• Авторизация


Книжное - про альтернативную историю и сильные мысли 16-05-2009 15:27 к комментариям - к полной версии - понравилось!

Это цитата сообщения LightSmoke Оригинальное сообщение

Книжное - про альтернативную историю и сильные мысли



По-своему я благодарен тому факту, что не менее трех часов в день провожу в стремительно несущихся метрополитеновских электричках. Это мое время для чтения, была бы машина - не мог бы сейчас, как и юности, прочитывать иной раз по нескольку книжек в неделю. Смартфон окупил себя,наверное, трижды, в бумаге покупать столько книг было бы накладно, да и места в квартире не хватило бы... Читаю я разное, но обязательно чередую и получается, что читаю подряд миксами вроде этого : классическая проза, биография какого-нибудь великого, роман ужасов, контркультура, фантастика, публицистика, научно-популярная книга и т.п. - главное не зацикливать сознание на чем-то одном. Книги в сетевых библиотеках часто выбираю наугад, что-то стираю после прочтения пары десятков страниц, что-то затягивает сразу и всерьез...
На мой взгляд, абсолютно зря многие принижают такой жанр как фантастика. Глубоких мыслей, идей, концепций, сюжетов,да и великолепной с литературной точки зрения передачи эмоций и атмосферы, в наработанной человечеством библиотеке фантастической литературы хватает. Да что говорить - многие книги в этом жанре так или иначе уже относятся к классике. Скажем, утопии тоже относятся к фантастике, в мои годы учебы в школе мы изучали утопические романы на литературе.
Последний год в фантастике особенно увлек жанр альтернативной истории, очень популярный ныне жанр, переживающий расцвет. Шедевров в нем хватает,вспомнить хотя бы ''большой брат следит за тобой'' из ''1984'' Оруэлла или всем известные ''Дневники Тернера''.
Недавно начал читать весьма интересный образчик такой литературы - про будущее, в котором Россия раздроблена на части и её осколки живут под гнетом западной цивилизации, где чтобы попасть из Питера в Москву нужна виза , где запрещены даже фильмы типа ''Иван Васильевич меняет профессию'', где русский национализм и вся русская культура в целом считаются тлетворными и подлежащами запрету и полному забвению и заменены похабщиной, удовлетворением животных инстинктов и матом, где наука заменена астрологией и прочим бредом,где детям в школьном буфете продают курево и пиво, вообще описанный автором ад перечислять можно долго.
Мне книга нравится даже не столько наводящей ужас постановой, сколько рядом действительно оригинальных и сильных мыслей автора... Есть о чем подумать, есть с чем сравнить - а книге уже 7 лет между прочим...
Приведу пару отрывков под катом, а вообще - почитать стоит. Ибо многое из описанного в книге, к сожалению, все больше и больше входит в жизнь нашего общества... и это действительно страшно.

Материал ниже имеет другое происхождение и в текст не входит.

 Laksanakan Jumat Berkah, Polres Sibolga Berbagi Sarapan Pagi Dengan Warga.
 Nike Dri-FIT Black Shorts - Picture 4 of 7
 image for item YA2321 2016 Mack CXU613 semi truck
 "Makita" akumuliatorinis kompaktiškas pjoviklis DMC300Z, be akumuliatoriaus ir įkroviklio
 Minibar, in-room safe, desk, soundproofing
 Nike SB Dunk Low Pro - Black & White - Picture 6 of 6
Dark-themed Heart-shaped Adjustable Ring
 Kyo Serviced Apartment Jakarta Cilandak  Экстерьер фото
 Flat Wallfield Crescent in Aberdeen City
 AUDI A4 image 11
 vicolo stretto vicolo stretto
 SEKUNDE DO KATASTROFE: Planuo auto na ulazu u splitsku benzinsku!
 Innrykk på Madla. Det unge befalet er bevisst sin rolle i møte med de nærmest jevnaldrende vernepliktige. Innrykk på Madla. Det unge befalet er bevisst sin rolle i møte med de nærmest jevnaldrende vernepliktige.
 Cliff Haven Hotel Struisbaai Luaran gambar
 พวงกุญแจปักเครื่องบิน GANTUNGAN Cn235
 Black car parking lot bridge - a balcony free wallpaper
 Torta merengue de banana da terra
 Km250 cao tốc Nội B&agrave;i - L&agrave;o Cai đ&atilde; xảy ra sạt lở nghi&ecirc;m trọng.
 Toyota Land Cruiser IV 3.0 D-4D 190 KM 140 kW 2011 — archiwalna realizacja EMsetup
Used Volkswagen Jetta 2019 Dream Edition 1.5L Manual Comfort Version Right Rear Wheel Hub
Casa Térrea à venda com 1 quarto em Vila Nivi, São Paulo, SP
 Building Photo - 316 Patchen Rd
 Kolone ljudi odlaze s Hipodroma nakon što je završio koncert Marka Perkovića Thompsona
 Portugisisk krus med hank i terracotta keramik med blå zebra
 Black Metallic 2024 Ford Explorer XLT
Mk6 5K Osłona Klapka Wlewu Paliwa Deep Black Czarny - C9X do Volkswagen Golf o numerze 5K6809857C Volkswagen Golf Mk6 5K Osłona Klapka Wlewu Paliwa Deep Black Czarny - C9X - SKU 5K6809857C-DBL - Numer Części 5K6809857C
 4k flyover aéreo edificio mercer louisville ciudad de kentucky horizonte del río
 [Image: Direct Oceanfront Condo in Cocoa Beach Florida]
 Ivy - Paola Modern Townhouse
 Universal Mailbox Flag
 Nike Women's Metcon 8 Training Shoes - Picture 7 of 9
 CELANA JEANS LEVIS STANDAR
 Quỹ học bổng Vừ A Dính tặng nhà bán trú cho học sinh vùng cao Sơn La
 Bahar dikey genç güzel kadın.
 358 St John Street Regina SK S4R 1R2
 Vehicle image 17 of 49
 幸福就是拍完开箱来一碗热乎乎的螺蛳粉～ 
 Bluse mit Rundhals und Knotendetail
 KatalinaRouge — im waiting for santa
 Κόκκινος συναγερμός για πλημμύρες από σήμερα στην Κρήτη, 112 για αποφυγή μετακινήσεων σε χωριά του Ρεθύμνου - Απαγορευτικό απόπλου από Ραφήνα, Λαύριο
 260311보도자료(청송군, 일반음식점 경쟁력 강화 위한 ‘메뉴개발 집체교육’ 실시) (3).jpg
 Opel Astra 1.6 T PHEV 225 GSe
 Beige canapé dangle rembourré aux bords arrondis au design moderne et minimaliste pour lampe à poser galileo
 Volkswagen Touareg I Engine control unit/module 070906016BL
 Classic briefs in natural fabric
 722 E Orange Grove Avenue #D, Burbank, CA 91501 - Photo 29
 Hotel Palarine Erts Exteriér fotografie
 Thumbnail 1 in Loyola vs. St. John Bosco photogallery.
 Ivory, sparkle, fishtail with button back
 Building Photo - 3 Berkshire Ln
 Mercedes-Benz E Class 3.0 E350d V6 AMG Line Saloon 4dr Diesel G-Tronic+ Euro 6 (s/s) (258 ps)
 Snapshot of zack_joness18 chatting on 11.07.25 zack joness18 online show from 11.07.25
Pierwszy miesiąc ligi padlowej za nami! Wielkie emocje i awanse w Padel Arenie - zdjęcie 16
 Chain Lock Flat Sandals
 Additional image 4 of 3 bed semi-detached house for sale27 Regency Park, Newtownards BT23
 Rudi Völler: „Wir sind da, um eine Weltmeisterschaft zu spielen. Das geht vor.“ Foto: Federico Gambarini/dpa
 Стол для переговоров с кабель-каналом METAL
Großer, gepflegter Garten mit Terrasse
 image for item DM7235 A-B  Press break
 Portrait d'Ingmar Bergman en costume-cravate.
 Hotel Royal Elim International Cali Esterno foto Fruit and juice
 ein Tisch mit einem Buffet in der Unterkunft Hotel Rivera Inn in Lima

— Уел, уел! — дружелюбно воскликнул он. — Нет, конечно. При Российской империи и при большевиках было точно так же. Отнимали, сколько могли, и утаивали, сколько могли. Именно поэтому, чтобы так больше никогда не было, мы и стремились к независимости. Но речь, смею напомнить, не о нас. И Бог бы с вами, с тем, что вы просто не понимаете, что это за чудище такое — равные стоимости при обмене… Но двадцать первый век на дворе. Сейчас не понимать таких вещей нельзя. Добрый и бескорыстный — плохой потребитель. А при современных масштабах и темпах производства каждый потребитель на счету! Даже просто порядочный и творческий человек — уже проблема, потому что, во первых, у него всегда меньше денег для покупок, ведь он порядочный. Порядочный журналист всегда беднее непорядочного журналиста, и порядочный миллионер всегда беднее непорядочного миллионера, это печально, но это среднестатистический факт…
Себя господин Дарт самым искренним образом считал порядочным человеком и журналистом — и был в общем то недалек от истины. Во всяком случае, денег ему всегда не хватало.
— Во вторых, ему некогда покупать, он старается сам создавать — а зачем? На Западе все уже создано, магазины ломятся, в том числе и книжные… только покупать некому! В каком то смысле, скажем, киллер для рынка предпочтительнее, нежели святой отшельник, потому что киллер по определению чаще совершает покупки, от оружия до авиабилетов, и ему все нужно самого высокого качества. А что нужно отшельнику? Да ничего! И вот он, полагая, что о душе печется и осушает слезы ближних своих, на самом то деле только затрудняет работу глобального рынка. Останавливается производство, люди оказываются без работы, остается невостребованной наука…
— Вот, оказывается, кто во всех бедах виноват, — уронил Лёка. — Святые…


*********
..... Цивилизация вообще начинается тогда, когда то, что физически, физиологически вполне можно бы сделать: убить, изнасиловать, бросить одного умирать, без спросу забрать себе, не выполнить то, что тебе поручил старший, громко испортить воздух, сидя за обеденным столом, — становится совершенно нельзя по каким то выдуманным, чисто духовным, искусственно, казалось бы, сконструированным причинам. И, с другой стороны, она кончается, когда все это становится снова можно. Людей не труд создал. Трудятся и пчелы, и бобры. Людей создали запреты. Ветхий запрет, Новый запрет… А разрушение запретов вновь делает из человека животное, одни лишь производственные навыки остаются. Квалифицированное стадо — все равно не более чем стадо… Современная цивилизация поработила человека так, как никакой рабовладелец не порабощал, никакой феодал. С хозяином можно договориться, подольститься к нему, подремать, пока он не видит… Конкурентный производственный процесс не обманешь и улестишь. Почти перед каждым человеком в течение двух третей, а то и трех четвертей каждых суток жизни стоит выбор: или нищета и прозябание, или предельное напряжение всех сил. И вот, чтобы скомпенсировать эту чудовищную и безысходную распятость на бешеном ритме производства ради потребления и потребления ради производства, современное общество позволяет — не заставляет, Боже упаси, демократия же! — но: позволяет и даже исподволь одобряет то, что в часы досуга человек становится скотом и хамом. Оно называет это раскованностью и непосредственностью — и противопоставляет элементарной воспитанности, называя ее лицемерием, чопорностью и ханжеством. Так создается иллюзия свободы… А ведь снимите некий запрет — и вы снимете весь связанный с ним культурный пласт.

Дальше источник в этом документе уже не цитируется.